In [1]:
from pyspark import SparkContext, SparkConf
from pyspark.sql import SparkSession
import numpy as np

In [2]:
conf = SparkConf().setAppName('SparkApp').setMaster('local')
sc = SparkContext(conf=conf)
spark = SparkSession(sc)

In [3]:
txt_file = sc.textFile("./data/sample.txt")

In [4]:
print(txt_file.collect())

['Master Chief Petty Officer John-117 or Master Chief is a fictional character and the protagonist in the Halo multimedia franchise', 'Master Chief is a playable character in the series of science fiction first-person shooter video games Halo', 'Master Chief is a towering supersoldier known as a Spartan raised and trained from childhood for combat']


#### Q1: Convert all words in a rdd to lowercase and split the lines of a document using space.

In [5]:
splitted_line_rdd = txt_file.map(lambda x: x.lower().split())

words_rdd = splitted_line_rdd.flatMap(lambda data: [x for x in data])

In [6]:
print(words_rdd.collect()) # printing all words
print("\nSize :: %d" % words_rdd.count())

['master', 'chief', 'petty', 'officer', 'john-117', 'or', 'master', 'chief', 'is', 'a', 'fictional', 'character', 'and', 'the', 'protagonist', 'in', 'the', 'halo', 'multimedia', 'franchise', 'master', 'chief', 'is', 'a', 'playable', 'character', 'in', 'the', 'series', 'of', 'science', 'fiction', 'first-person', 'shooter', 'video', 'games', 'halo', 'master', 'chief', 'is', 'a', 'towering', 'supersoldier', 'known', 'as', 'a', 'spartan', 'raised', 'and', 'trained', 'from', 'childhood', 'for', 'combat']

Size :: 54


#### Q2: Next, I want to remove the words, which are not necessary to analyze this text.
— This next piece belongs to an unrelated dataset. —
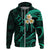 Custom Niihau Hawaii Hoodie Polynesian Tattoo and Pacific Plumeria Turquoise Vibe LT9 Zip Hoodie Turquoise - Polynesian Pride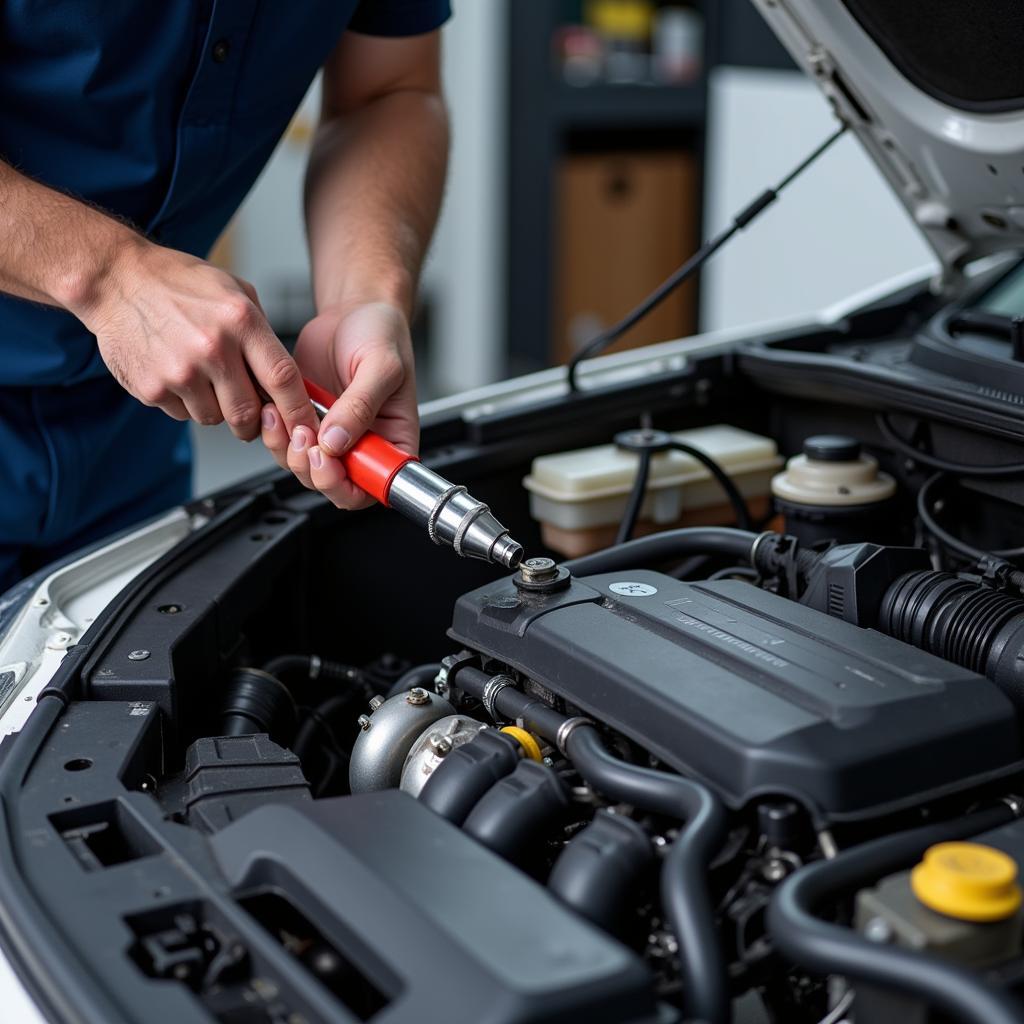 Mechanic Inspecting Car Engine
We call these words as “stop words”; Stop words do not add much value in a text. For example, “is”, “am”, “are” and “the” are few examples of stop words.

In [7]:
stop_words_list = sc.textFile("./data/stop_words.txt").collect()
no_stopwords_rdd = words_rdd.filter(lambda x: x not in stop_words_list)

In [8]:
print(no_stopwords_rdd.collect())
print("\nSize :: %d" % no_stopwords_rdd.count())

['master', 'chief', 'petty', 'officer', 'john-117', 'master', 'chief', 'fictional', 'character', 'protagonist', 'halo', 'multimedia', 'franchise', 'master', 'chief', 'playable', 'character', 'series', 'science', 'fiction', 'first-person', 'shooter', 'video', 'games', 'halo', 'master', 'chief', 'towering', 'supersoldier', 'known', 'spartan', 'raised', 'trained', 'childhood', 'combat']

Size :: 35


#### Q3: After getting the results into `no_stopwords_rdd`, we want to group the words in `no_stopwords_rdd` based on which letters they start with. For example, suppose I want to group each word of `no_stopwords_rdd` based on first 3 characters.

In [9]:
grouped_rdd = no_stopwords_rdd.groupBy(lambda x: x[:3])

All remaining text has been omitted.